The Sahiwal coal power plant was commissioned in 2017 and has been operational and integrated with the national grid since then. It is equipped with state-of-the-art measuring sensors as well as an SIS data storage system. All the sensors measuring the control variables involved in this study are hard sensors measuring the power plant’s different operating parameters. The data generated constitute a large number of variables, with each variable having randomly distributed values. It has been extensively reported in the literature that mining causal relationships out of such data is beyond the capability of any type of multi-variate regression technique. AI-based data analytic techniques perform significantly better for modeling such scenarios [39,58]. The sensors’ location for measuring the power plant’s different operating parameters is shown with numbers in Figure 2. The sensors make and model numbers are mentioned in Table 2.

3. AI-Based Data Visualization and Process Modeling

AI-based process models are developed to learn the complex, non-linear, and interacting relationship between the system’s input and output variables [59,60,61]. ANN and LSSVM are considered the most efficient approximation tools of AI and can generalize the relationship between input and output variables. These AI tools also have the proven ability to mine the hidden details in the training data, thereby ensure their reliable applications in real-world problems [40,62,63].

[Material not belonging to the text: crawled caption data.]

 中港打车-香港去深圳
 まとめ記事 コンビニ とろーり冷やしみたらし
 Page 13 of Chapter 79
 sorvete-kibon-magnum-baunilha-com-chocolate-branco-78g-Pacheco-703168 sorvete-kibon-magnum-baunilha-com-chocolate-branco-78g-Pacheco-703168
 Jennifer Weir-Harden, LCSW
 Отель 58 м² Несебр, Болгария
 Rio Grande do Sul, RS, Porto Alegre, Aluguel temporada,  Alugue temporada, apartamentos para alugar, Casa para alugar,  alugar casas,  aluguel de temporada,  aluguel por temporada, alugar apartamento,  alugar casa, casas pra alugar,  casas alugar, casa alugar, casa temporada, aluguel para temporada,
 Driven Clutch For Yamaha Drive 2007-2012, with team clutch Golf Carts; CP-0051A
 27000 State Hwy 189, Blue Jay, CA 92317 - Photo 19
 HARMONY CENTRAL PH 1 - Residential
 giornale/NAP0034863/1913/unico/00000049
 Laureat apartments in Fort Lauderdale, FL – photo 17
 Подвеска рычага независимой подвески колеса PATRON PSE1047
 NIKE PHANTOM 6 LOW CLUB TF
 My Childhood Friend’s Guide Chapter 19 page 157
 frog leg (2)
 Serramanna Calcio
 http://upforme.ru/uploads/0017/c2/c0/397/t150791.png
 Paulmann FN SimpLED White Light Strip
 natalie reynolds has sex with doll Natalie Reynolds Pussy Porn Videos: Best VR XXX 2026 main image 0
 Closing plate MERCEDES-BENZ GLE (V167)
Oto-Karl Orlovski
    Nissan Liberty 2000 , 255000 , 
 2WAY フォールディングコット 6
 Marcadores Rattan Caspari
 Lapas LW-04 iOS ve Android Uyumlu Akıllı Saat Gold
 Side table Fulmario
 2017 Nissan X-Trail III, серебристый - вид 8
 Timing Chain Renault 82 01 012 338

3.1. Variables Selection for AI Process Modeling

In this paper, thirteen control variables were initially selected to model the 660 MW_e supercritical coal power plant’s η_thermal in Sahiwal, Pakistan. The variables were selected based upon the recommendation of experienced plant managers of the power plant and a comprehensive literature review [33,64,65,66,67,68]. Some control variables were controllable by the operator, e.g., the main steam temperature (MST), reheat steam temperature (RST), and oxygen content in flue gas at the boiler outlet (O₂). On the other hand, some control variables were uncontrollable during the power plant operation, e.g., turbine speed (N). The coal properties measured under the air-dried basis are listed in Table 3.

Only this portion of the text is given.